The statement continued to cite the Ukraine war and China lockdown policies as sources of inflation. The action raised the short-term federal funds rate to a range of 1.50% to 1.75%, and Fed officials at the median projected the rate increasing to 3.4% by the end of this year and to 3.8% in 2023 – a substantial shift from projections in March that saw the rate rising to 1.9% this year.
The stricter monetary policy was accompanied with a downgrade to the Fed’s economic outlook, with the economy now seen slowing to a below-trend 1.7% rate of growth this year, unemployment rising to 3.7% by the end of this year, and continuing to rise to 4.1% through 2024.
While no policymaker projected an outright recession, the range of economic growth forecasts edged toward zero in 2023 and the federal funds rate was seen falling in 2024.
The projections are a break with recent Fed efforts to cast tighter monetary policy and inflation control as consistent with steady and low unemployment.

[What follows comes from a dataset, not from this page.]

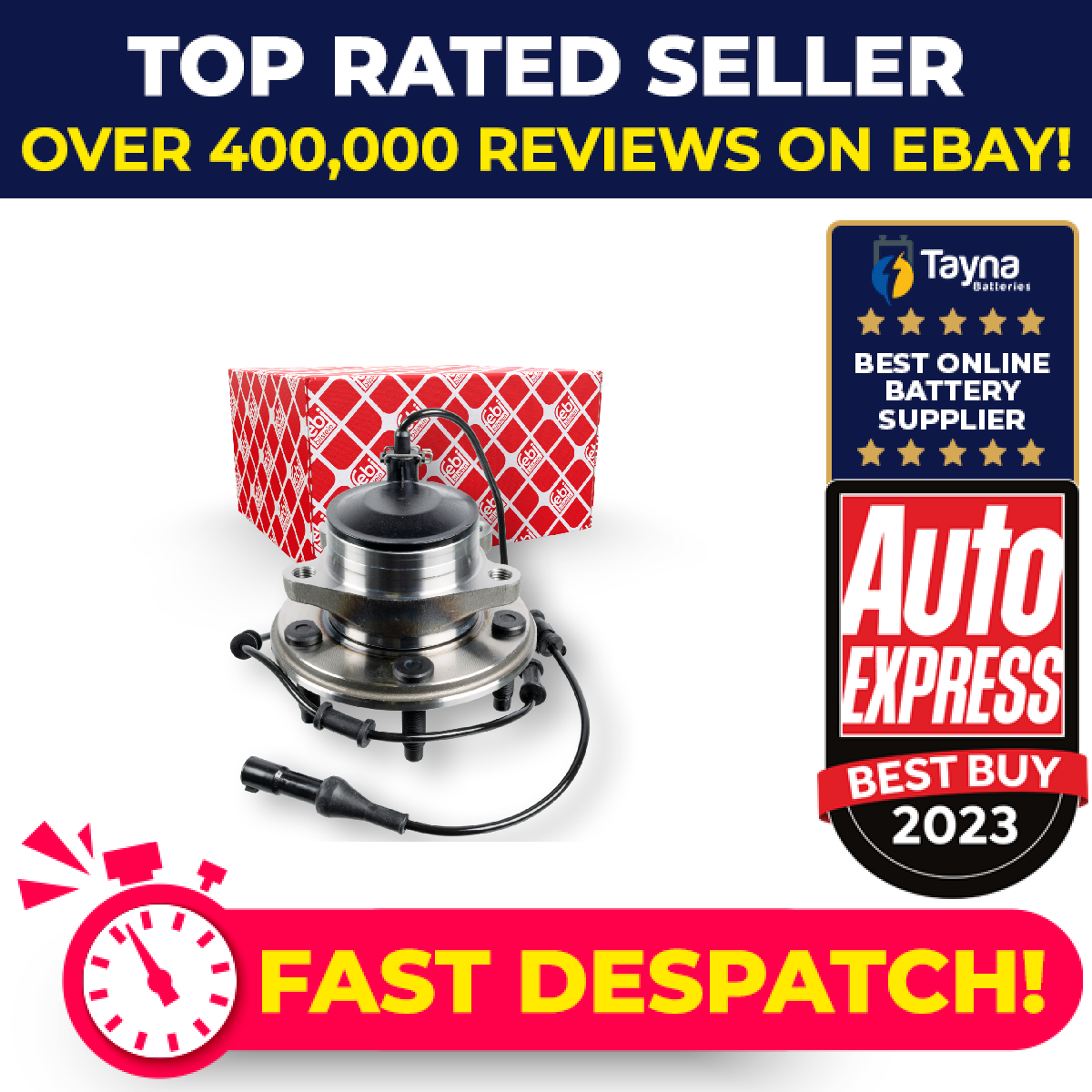 Wheel Bearing Kit fits JAGUAR XK X150 3.6 Front Left or Right 07 to 14 4G(AJV8)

The 4.1% jobless rate seen in 2024 is now slightly above the level Fed officials generally see as consistent with full employment.
Since March, when Fed officials projected they could raise rates and control inflation with the unemployment rate remaining around 3.5%, inflation has stubbornly remained at a 40-year high, with no sign of it reaching the peak Fed policymakers hoped would arrive this spring.
Even with the more aggressive interest rate measures taken on Wednesday, policymakers nevertheless see inflation as measured by the personal consumption expenditures price index at 5.2% through this year and slowing only gradually to 2.2% in 2024.
Kansas City Fed President Esther George was the only policymaker to dissent in Wednesday’s decision in preference for a half-percentage-point hike.
Fed Chair Jerome Powell is scheduled to hold a news conference at 2:30 p.m. EDT (1830 GMT) to elaborate on the latest policy meeting.
Inflation has become the most pressing economic issue for the Fed and begun to shape the political landscape as well, with household sentiment worsening amid rising food and gasoline prices.